**INPUT:**
━━━━━━━━━━━━━━━━━━━━━━━━━━━━━━

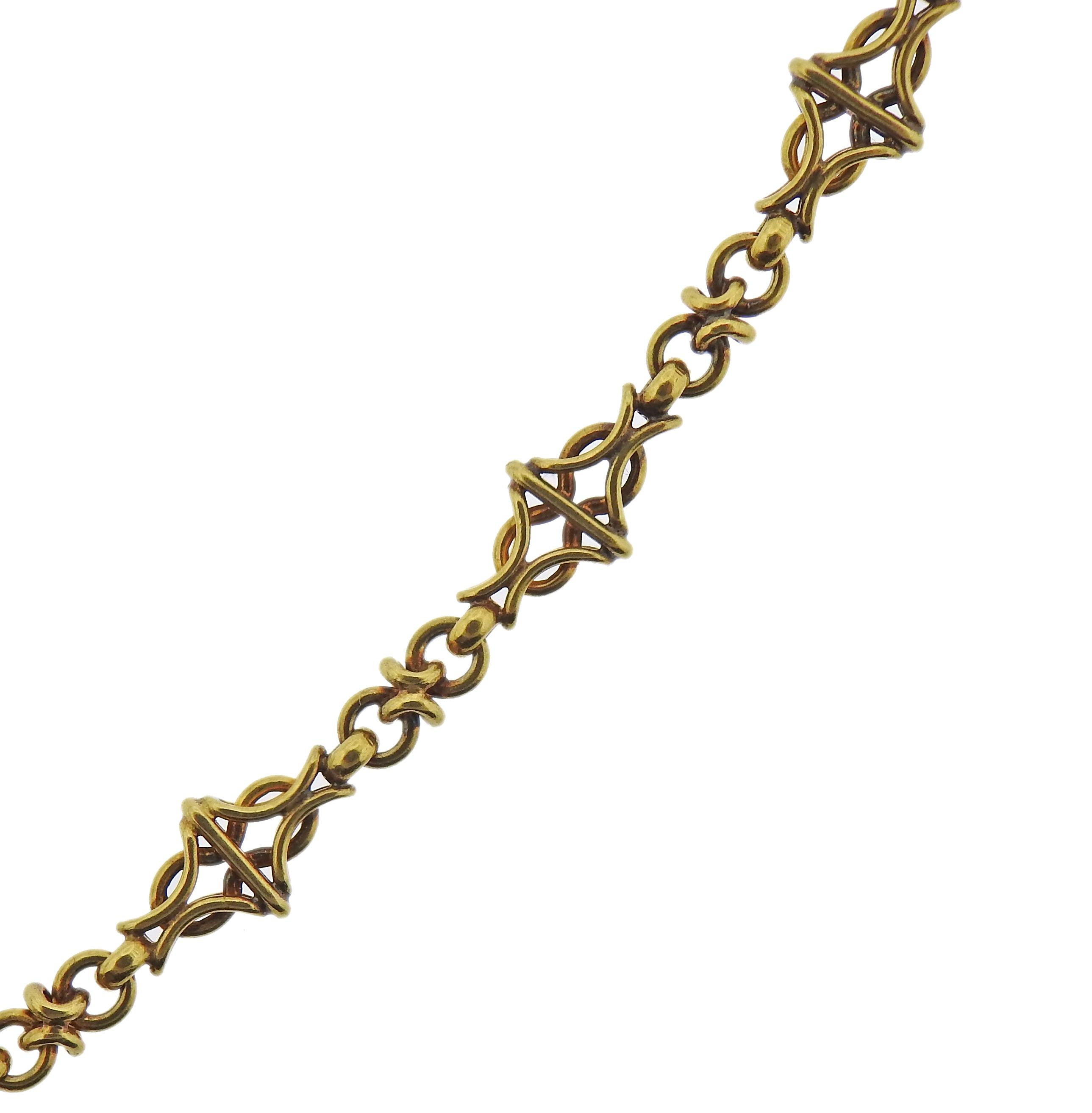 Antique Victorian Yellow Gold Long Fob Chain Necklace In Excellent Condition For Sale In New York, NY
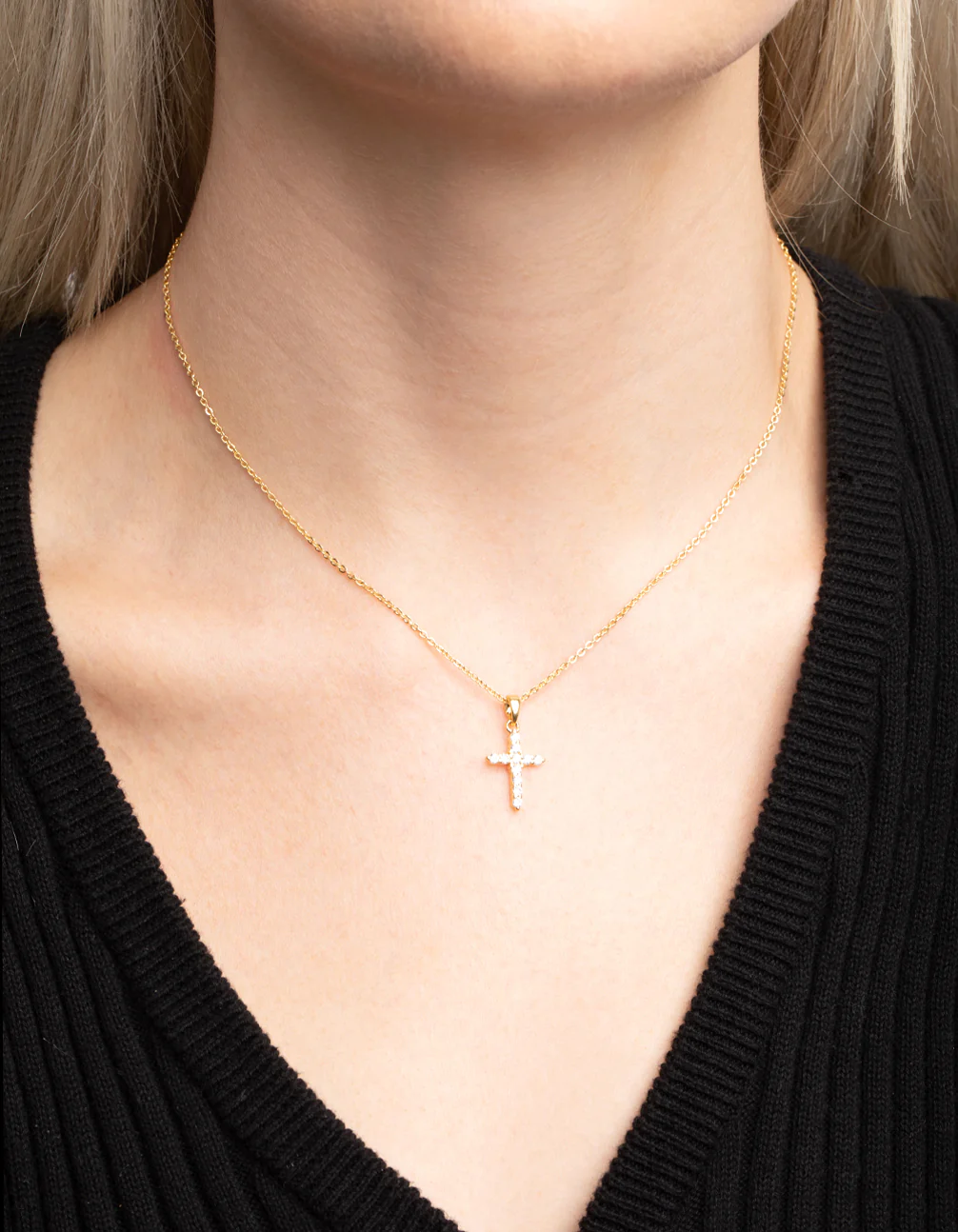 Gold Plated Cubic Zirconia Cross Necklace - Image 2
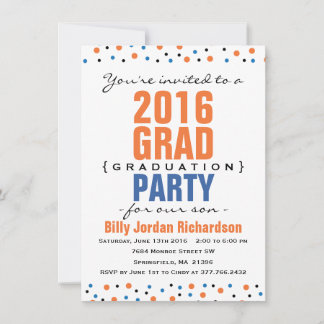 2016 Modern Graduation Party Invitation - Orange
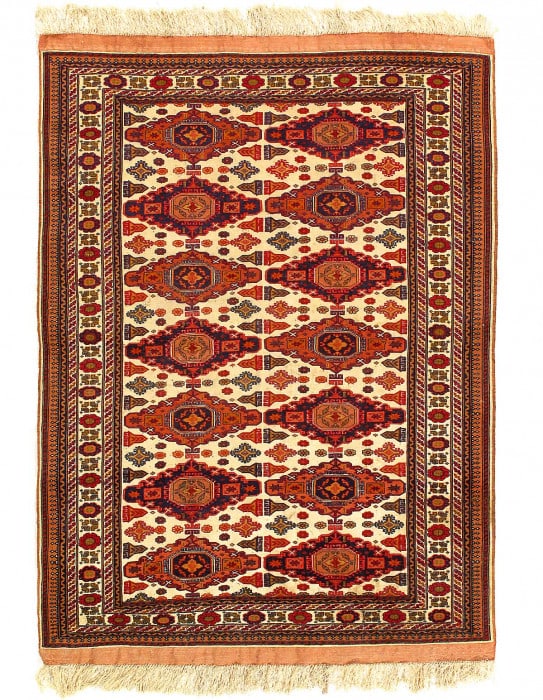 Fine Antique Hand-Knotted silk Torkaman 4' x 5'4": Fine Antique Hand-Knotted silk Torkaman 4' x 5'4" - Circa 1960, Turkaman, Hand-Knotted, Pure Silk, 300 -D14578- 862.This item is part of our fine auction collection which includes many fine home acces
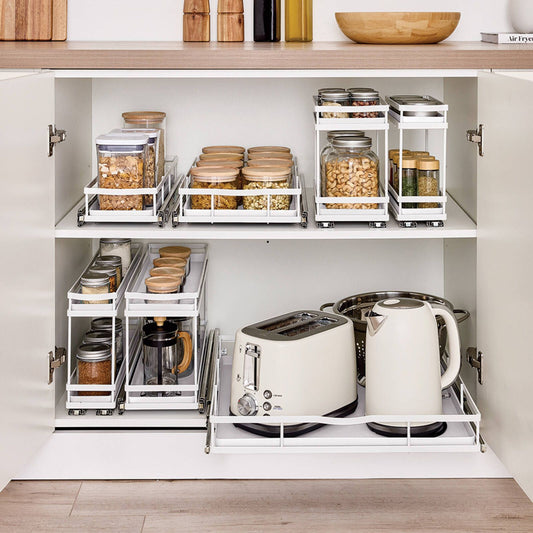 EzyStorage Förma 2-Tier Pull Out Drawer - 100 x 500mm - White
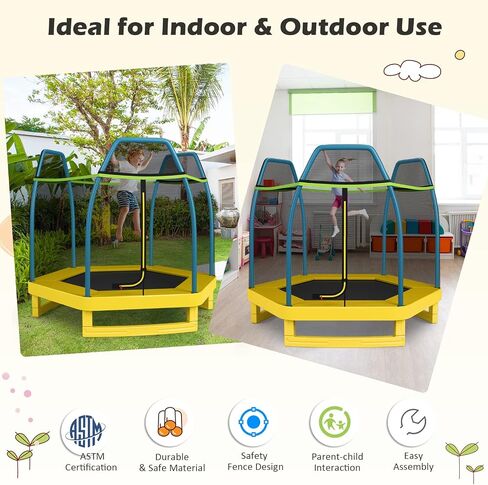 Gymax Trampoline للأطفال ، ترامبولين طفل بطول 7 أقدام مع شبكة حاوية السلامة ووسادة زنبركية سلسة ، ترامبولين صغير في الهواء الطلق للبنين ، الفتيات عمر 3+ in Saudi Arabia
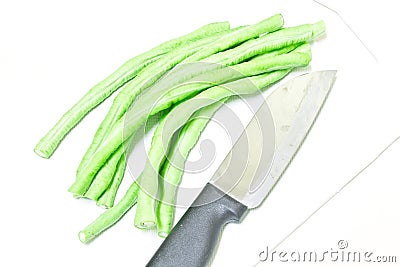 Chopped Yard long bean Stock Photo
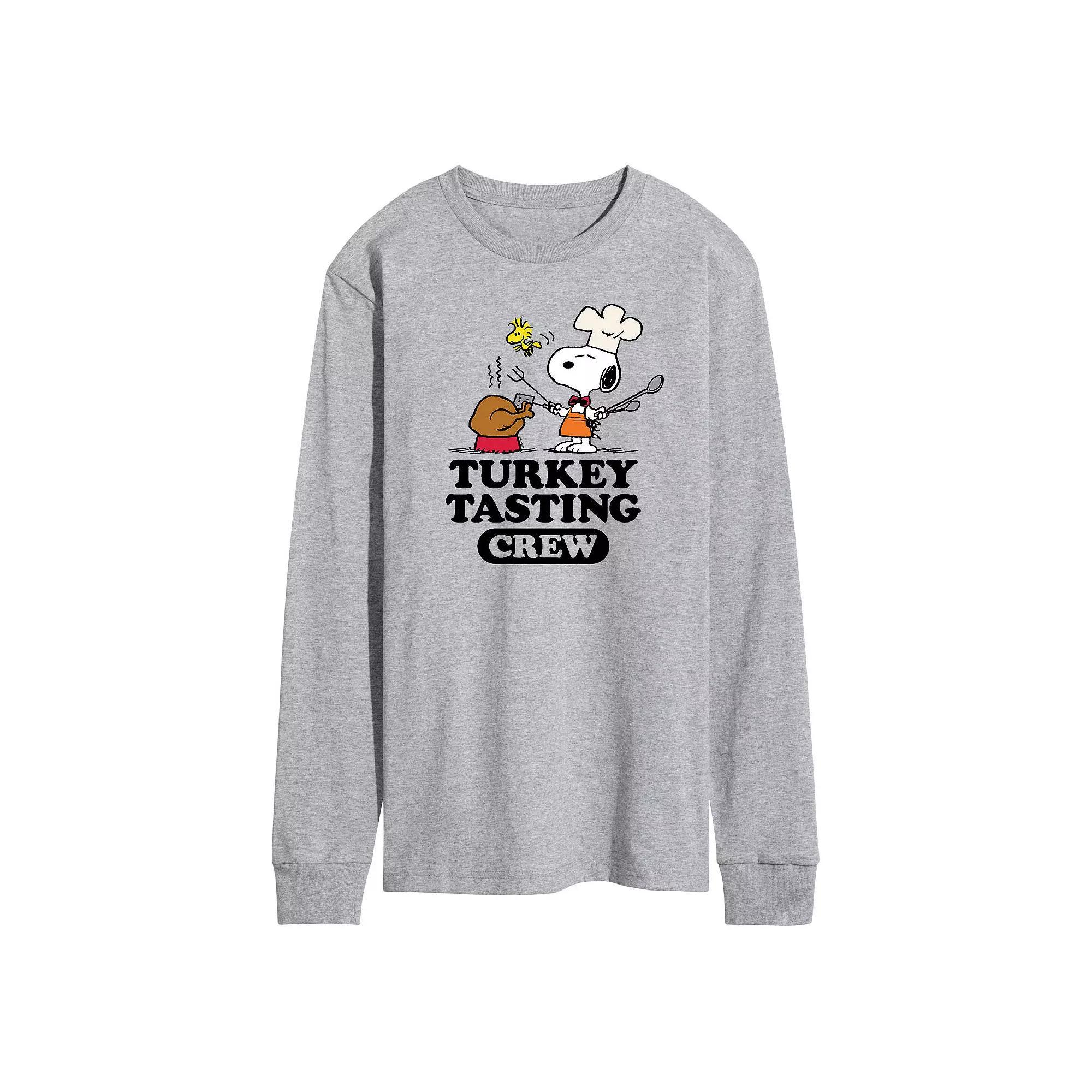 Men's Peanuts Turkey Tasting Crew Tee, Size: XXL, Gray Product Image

━━━━━━━━━━━━━━━━━━━━━━━━━━━━━━

**WHAT TO DO:**
For this task, return exactly the stretch of the listing above from the line with "2016 Modern Graduation" through the line with "Chopped Yard long bean Stock Photo", inclusive and without pictures.

**ANSWER TO THIS EXERCISE:**
 2016 Modern Graduation Party Invitation - Orange
 Fine Antique Hand-Knotted silk Torkaman 4' x 5'4": Fine Antique Hand-Knotted silk Torkaman 4' x 5'4" - Circa 1960, Turkaman, Hand-Knotted, Pure Silk, 300 -D14578- 862.This item is part of our fine auction collection which includes many fine home acces
 EzyStorage Förma 2-Tier Pull Out Drawer - 100 x 500mm - White
 Gymax Trampoline للأطفال ، ترامبولين طفل بطول 7 أقدام مع شبكة حاوية السلامة ووسادة زنبركية سلسة ، ترامبولين صغير في الهواء الطلق للبنين ، الفتيات عمر 3+ in Saudi Arabia
 Chopped Yard long bean Stock Photo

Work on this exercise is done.